序盤から小気味良い編集のテンポでギャグが繰り広げられるので楽しいし、偶々ギャングとそっくりだったせいで主人公があれよあれよと冤罪を掛けられてしまう流れが味わい深い。主人公ジョーンズを中心にした周囲の登場人物らがドタバタと動き回る姿はスラップスティック的で憎めない。最初は「僕はジョーンズです……」と不憫な姿を見せていた主人公が酒を飲まされて煽てられた途端、ギャング映画のロビンソンめいたふてぶてしさを見せるので笑う。ジーン・アーサー演じるヒロインの人物像も豪胆で見ていて清々しい(ハワード・ホークス映画の女性像めいた気持ちの良さ)。懸賞金目当てのおっちゃんを中心に脇役の挙動もいちいち愉快だ。

基本的にコメディ的ではあるものの、ギャングのマニオンが本格登場してからはスリリングな空気も見受けられるようになるのが印象深い。“散々マニオンを馬鹿にしてから部屋のランプを付けたらマニオンが待ち受けてた”場面などはフフってなるが、以後の拳銃を挟んだベッドでの駆け引きや裏切り者殺しの下りなどには一定の緊張感がある。裏切り者と二人きりで物陰に向かう→次のカットではマニオンだけが手を拭きながら戻ってくるという流れ、自主規制の厳しかった時代ゆえの“暴力描写”が伺えて面白い。

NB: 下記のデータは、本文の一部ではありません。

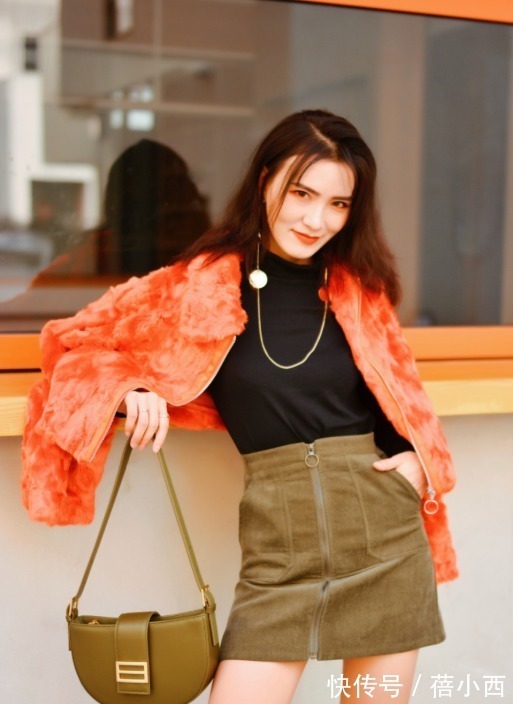 半身裙 冬季穿搭要有女人味,试试“毛茸茸的外套”,精致与温柔感都有了
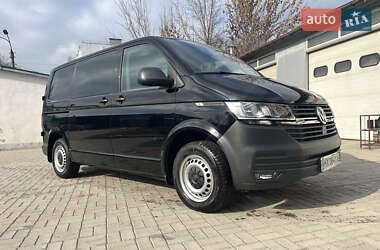 Минивэн Volkswagen Transporter 2020 в 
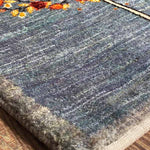 ペルシャギャッベの玄関マット、ライトブルーとグレーのカラーミックス、ザクロの木の緻密な織り込み、イラン・シーラーズ産、ファインクオリティウール素材。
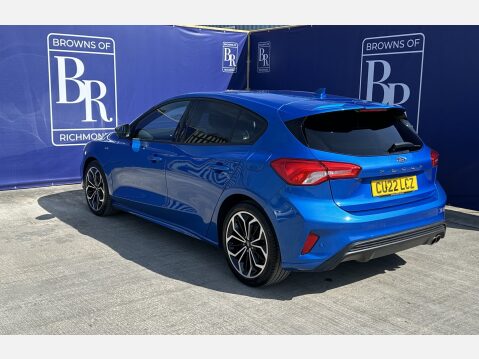 Ford Focus ST-LINE X TDCI 8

そんな訳でギャング映画的な描写が幾らか見えつつも、あくまでコメディ的な滑稽さを貫いているのが微笑ましい。ジョーンズとマニオンの入れ替わりギミックが終盤の逆転に繋がったり、“ストレスが限界になると失神する”というジョーンズの描写が巡り巡ってオチになったりなど、要所要所でのカタルシスも好き。